Art Nouveau jewelry (1895-1915)
Art Nouveau emerged as a reaction to the 19th century academic art, in favor of spontaneity and originality. Like other art forms, the jewelry of that period is characterized by long curving lines, the use of natural forms and motifs (such as orchids, butterflies, dragonflies or peacocks) and exquisite depictions of women portrayed as mysterious long-haired beauties. The style was also influenced by the Japanese art and its use of sinuous, free-flowing lines. Design was considered more important than the value of the materials, and semi-precious stones like opal, amethyst, citrine, peridot and pearls were widely used. Non-traditional materials, such as horn, bone, copper, shell, ivory, and glass were also popular. The Art Nouveau jewelry is especially famous for the use of enamel and enameling techniques such as plique-a-jour, which created a stained glass effect.

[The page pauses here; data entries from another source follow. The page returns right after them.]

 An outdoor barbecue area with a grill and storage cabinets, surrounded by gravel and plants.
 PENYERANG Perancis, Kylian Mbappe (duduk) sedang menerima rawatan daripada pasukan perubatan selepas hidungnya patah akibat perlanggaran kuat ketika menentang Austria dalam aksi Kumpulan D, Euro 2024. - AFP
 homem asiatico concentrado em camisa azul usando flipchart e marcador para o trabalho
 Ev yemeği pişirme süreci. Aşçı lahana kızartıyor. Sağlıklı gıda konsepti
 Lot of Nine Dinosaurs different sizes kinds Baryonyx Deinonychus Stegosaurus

Edwardian jewelry (1901-1915)
This short but significant era marks the reign of king Edward VII, who succeeded his mother, Queen Victoria. Edwardian jewelry was inspired by Rococo, with its profusion of bows, tassels, and wreaths, creating what became known as the garland style. Jewelers liked to work with platinum, white gold and precious stones, to create intricate, filigree patterns. Diamonds and pearls were favored and often paired for the elegant white-on-white color scheme. The renewed emphasis on diamonds coincided with improvements in cutting methods, while new technologies made platinum more practical to use in jewelry making. Fashionable upswept hairdos and low necklines made necklaces a favorite accessory of the time. The popular negligee pendants featured two drops of unequal length suspended from a central element. Choker necklaces, tiaras, dangling earrings and filigree rings with white gold setting and a single diamond were also common.

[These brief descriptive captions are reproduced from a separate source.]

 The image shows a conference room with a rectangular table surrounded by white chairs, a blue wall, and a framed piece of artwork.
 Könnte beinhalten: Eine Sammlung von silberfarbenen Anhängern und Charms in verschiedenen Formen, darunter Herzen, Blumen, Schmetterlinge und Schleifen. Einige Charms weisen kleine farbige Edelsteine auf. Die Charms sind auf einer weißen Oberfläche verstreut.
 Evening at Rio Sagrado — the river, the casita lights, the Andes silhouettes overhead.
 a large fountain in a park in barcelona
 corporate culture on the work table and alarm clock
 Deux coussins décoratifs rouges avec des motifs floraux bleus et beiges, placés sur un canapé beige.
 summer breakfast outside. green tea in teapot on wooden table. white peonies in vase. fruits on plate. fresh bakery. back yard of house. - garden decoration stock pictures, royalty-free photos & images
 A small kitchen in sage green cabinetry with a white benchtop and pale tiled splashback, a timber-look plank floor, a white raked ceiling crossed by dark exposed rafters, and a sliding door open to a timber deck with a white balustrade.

Retro jewelry (1930s-1950s)
The period coincided with echoes of the Great Depression and the hardships of World War II. But this was also the golden age of Hollywood, and the big screen provided escape into the glamorous world accented with dazzling, larger-than life jewelry, which came to define the style. Cocktail rings, bracelets, watches and necklaces often showcased massive aquamarines, citrines, amethysts, peridots and tourmalines in sculpted, three-dimensional cuts. Sapphires and rubies (both natural and synthetic) were most often used as small accents for the larger gems. Charms came into vogue during this era and were worn in large quantities on link bracelets. With the scarcity of platinum during the war, gold became the metal of choice. Jewelry designers experimented with new alloys, mixing yellow gold with other metals to produce shades of rose and green. The ribbon bow was the most popular motif, along with ruffles, flowers, ballerinas and birds. Patriotic themes and colors were also widely used.